▶ **Dataset records**
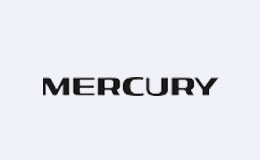 Mercury水星品牌介紹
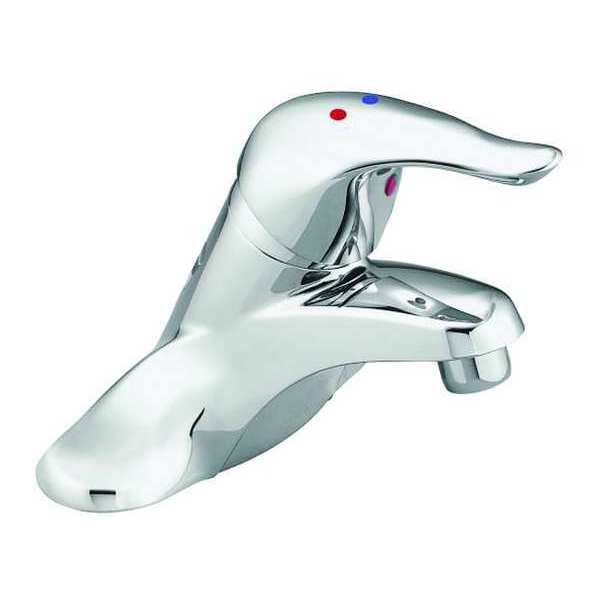 Lever Handle 4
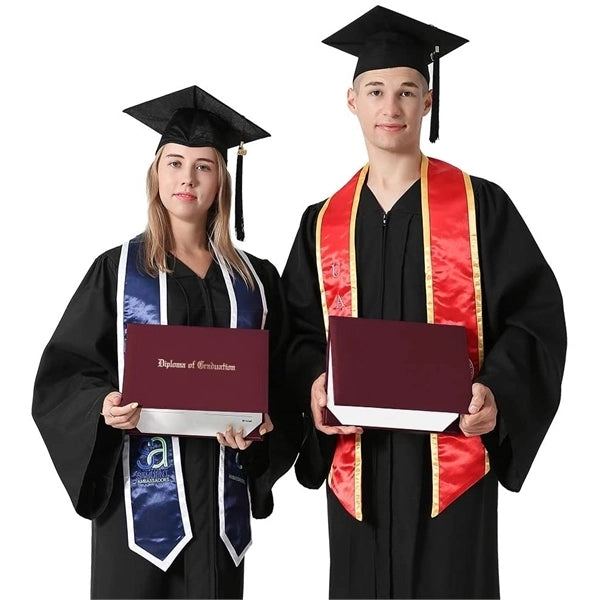 Diploma Holder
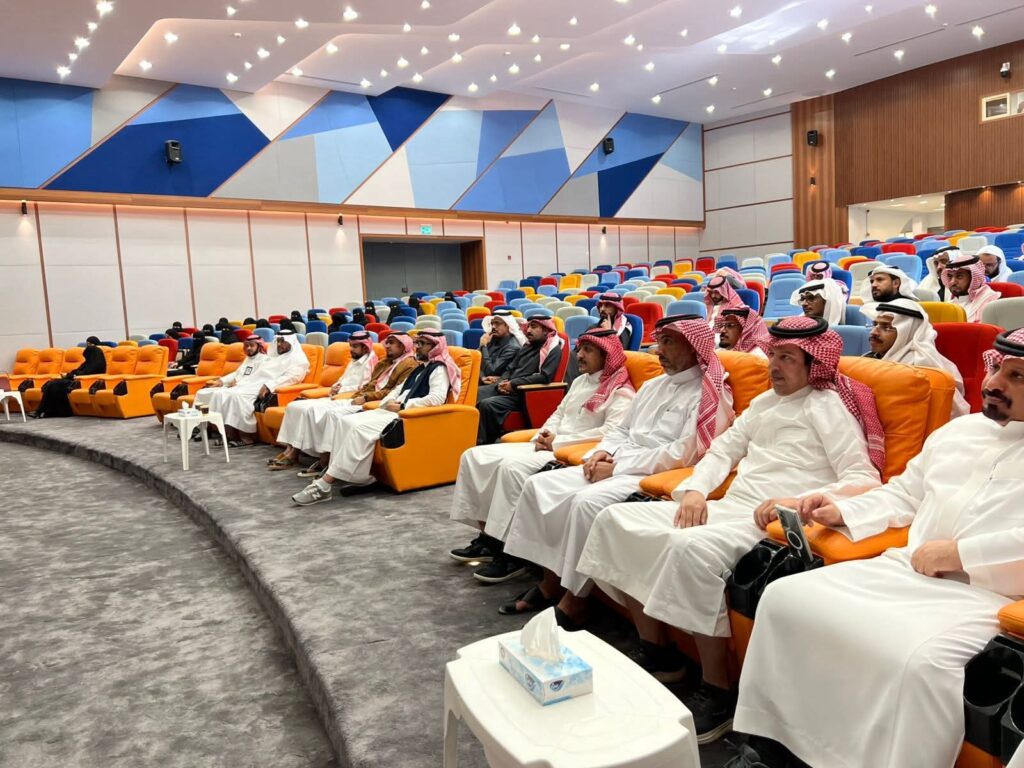 تعليم الطائف يستهدف 62 موجهاً طلابياً ببرنامج تطويري مهني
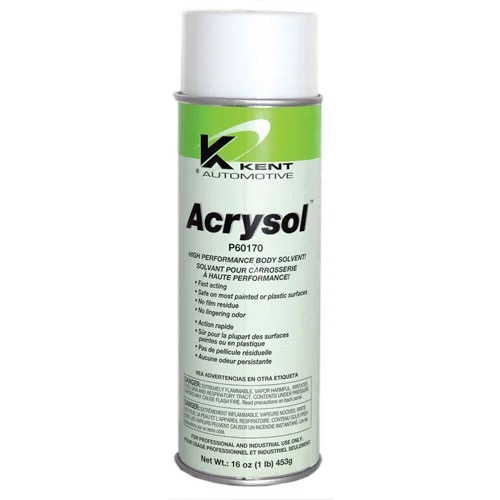 Mobile Solutions Acrysol - High Performace Solvent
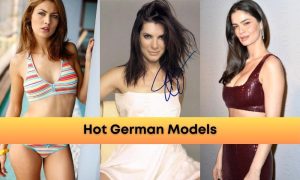 Read more about the article German Models: Top 15 Stunning Hot Models from Germany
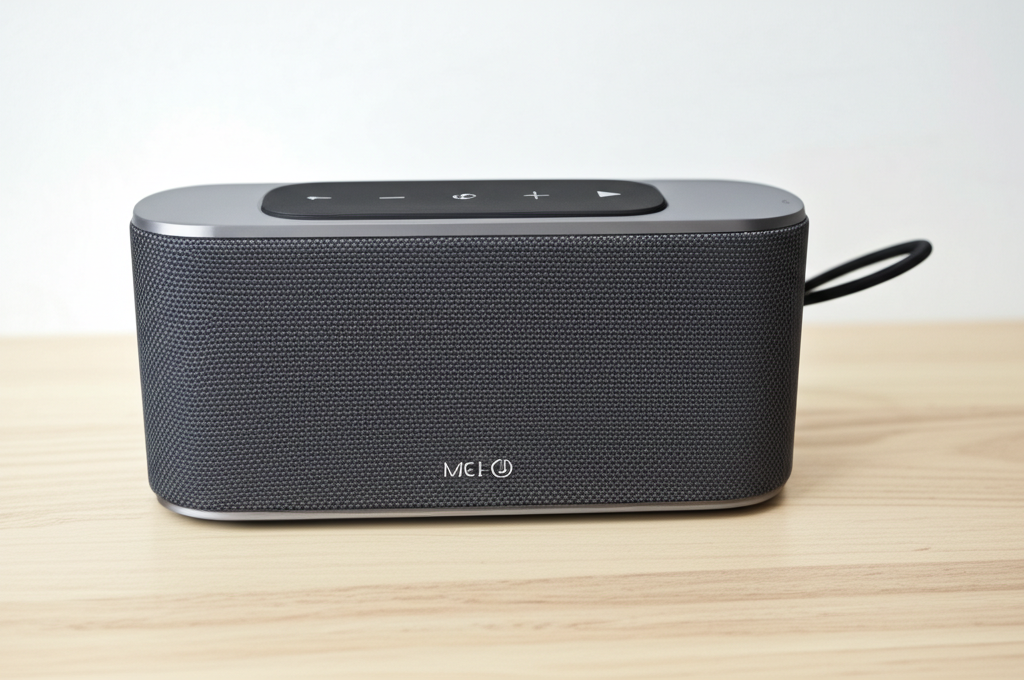 Bluetooth Portable Speaker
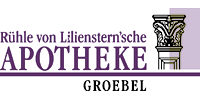 Kundenlogo Rühle von Lilienstern'sche Apotheke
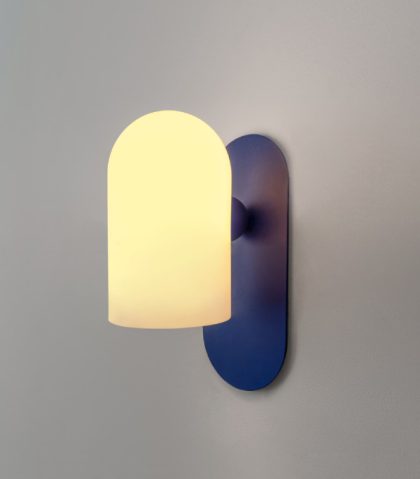 Lamp Schwung Home - Odyssey Santorini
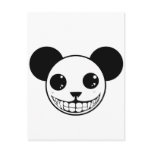 Pandaface
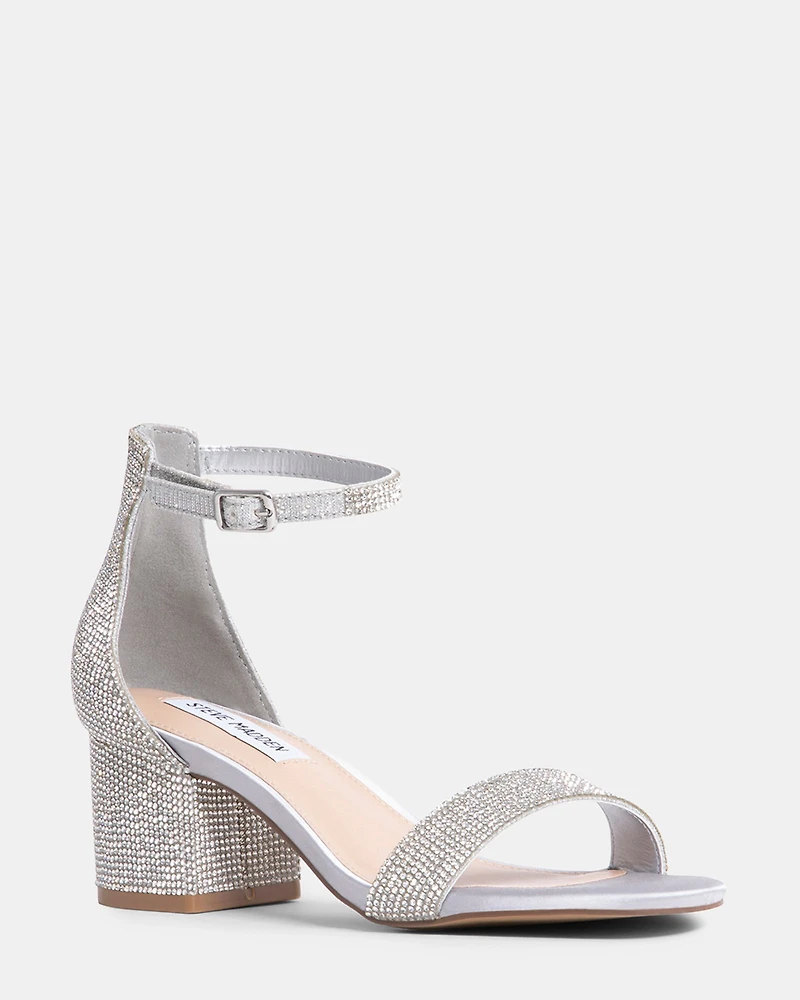 IRENE-R SILVER MULTI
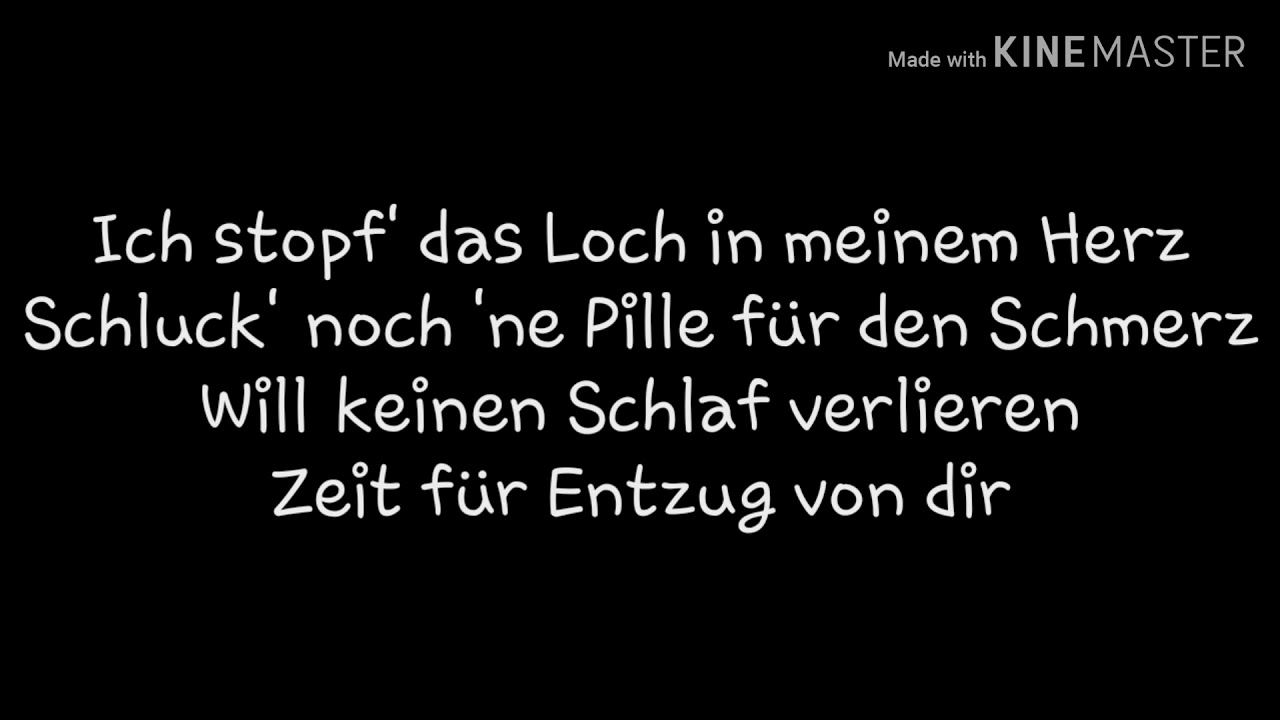 Madeline Juno - Grund genug (Lyrics)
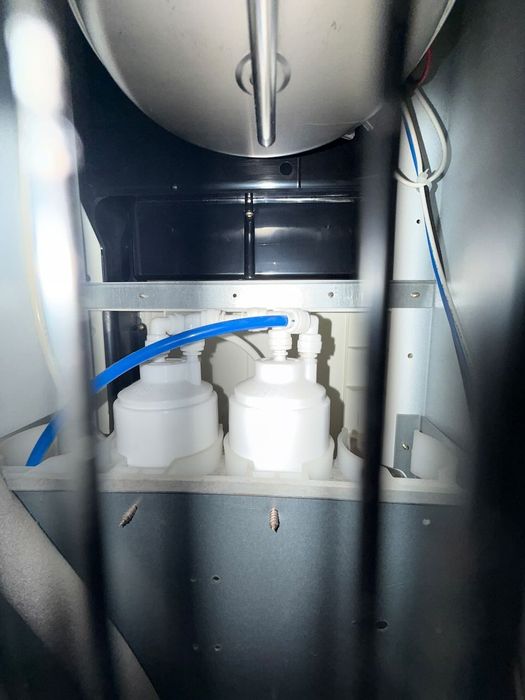 Dispensador de água - Bebedouro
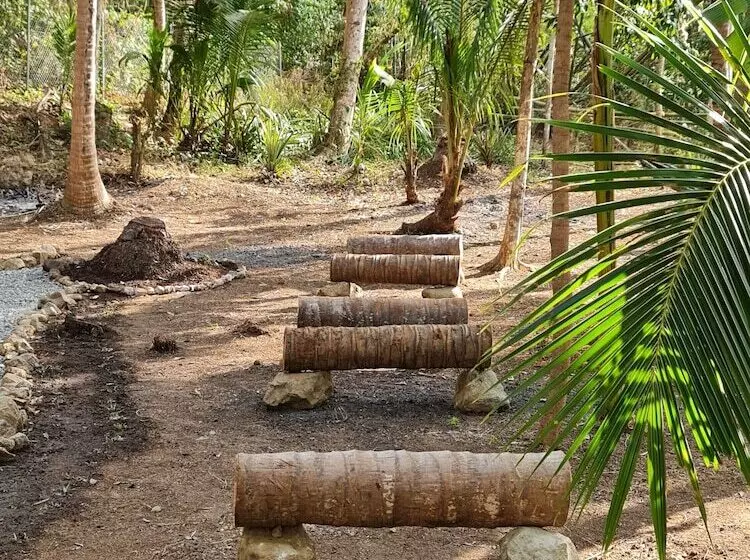 Retkeilymaja Morue S Den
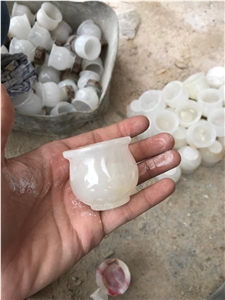 Small Tea Cups
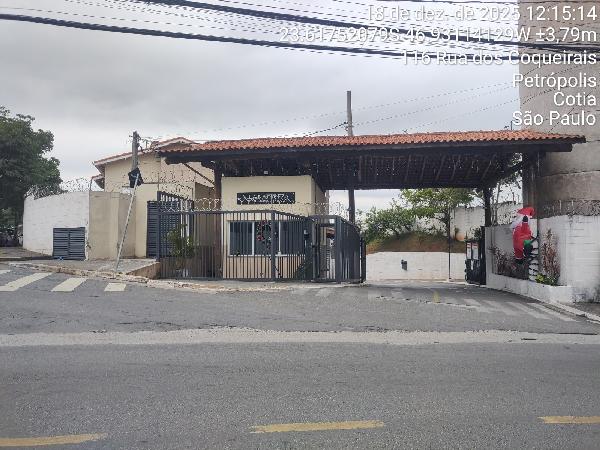 Casa - Venda, GRACA, COTIA, SP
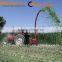 9QSD-900Silage (ammonification) Corn Combine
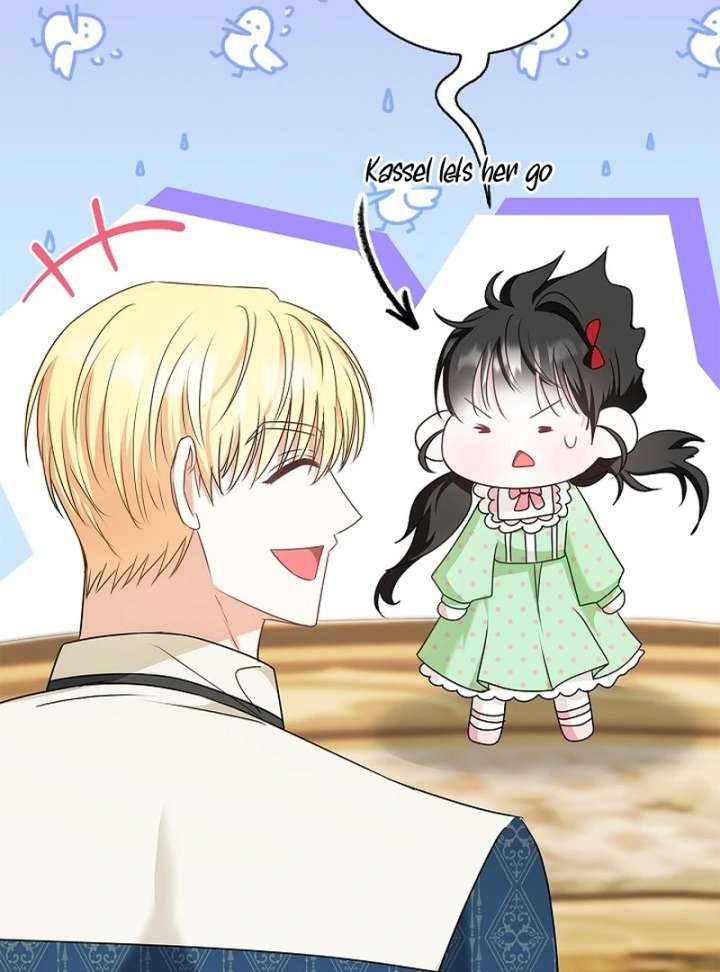 I Live with My Villain Uncle Chapter 29 621 101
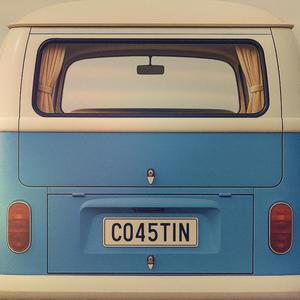 Coastin'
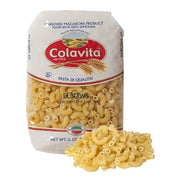 Elbow Pasta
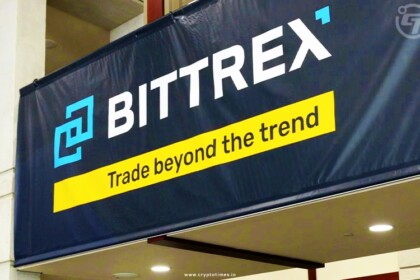 Go f*** yourself’: Bittrex Founder Says to Investors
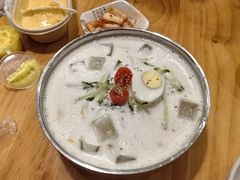 -多宾韩国料理(学衡路店)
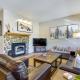 East Vail Condo with Pool, Hot Tub, and Free Bus Stop, Vail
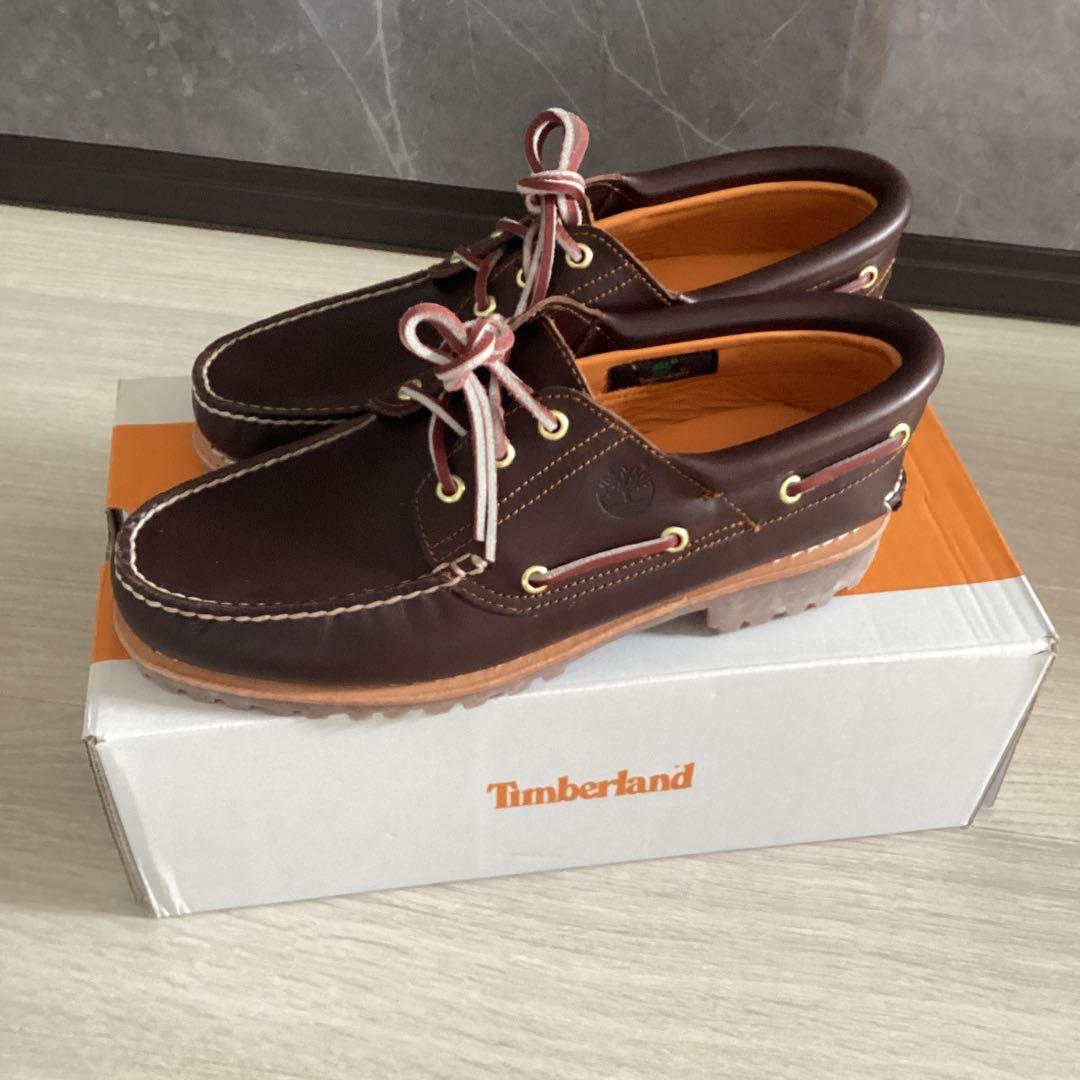 Timberland 3eye 新品未使用 2026年最新】Yahoo!オークション -timberland 3eyeの中古品・新品・未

▶ **Your objective**
Exactly the lines above from the one that contains "Bluetooth Portable Speaker" down to the one that contains "Casa - Venda, GRACA, COTIA, SP" are to be output, both ends kept and pictures omitted.

▶ **Exercise solution**
 Bluetooth Portable Speaker
 Kundenlogo Rühle von Lilienstern'sche Apotheke
 Lamp Schwung Home - Odyssey Santorini
 Pandaface
 IRENE-R SILVER MULTI
 Madeline Juno - Grund genug (Lyrics)
 Dispensador de água - Bebedouro
 Retkeilymaja Morue S Den
 Small Tea Cups
 Casa - Venda, GRACA, COTIA, SP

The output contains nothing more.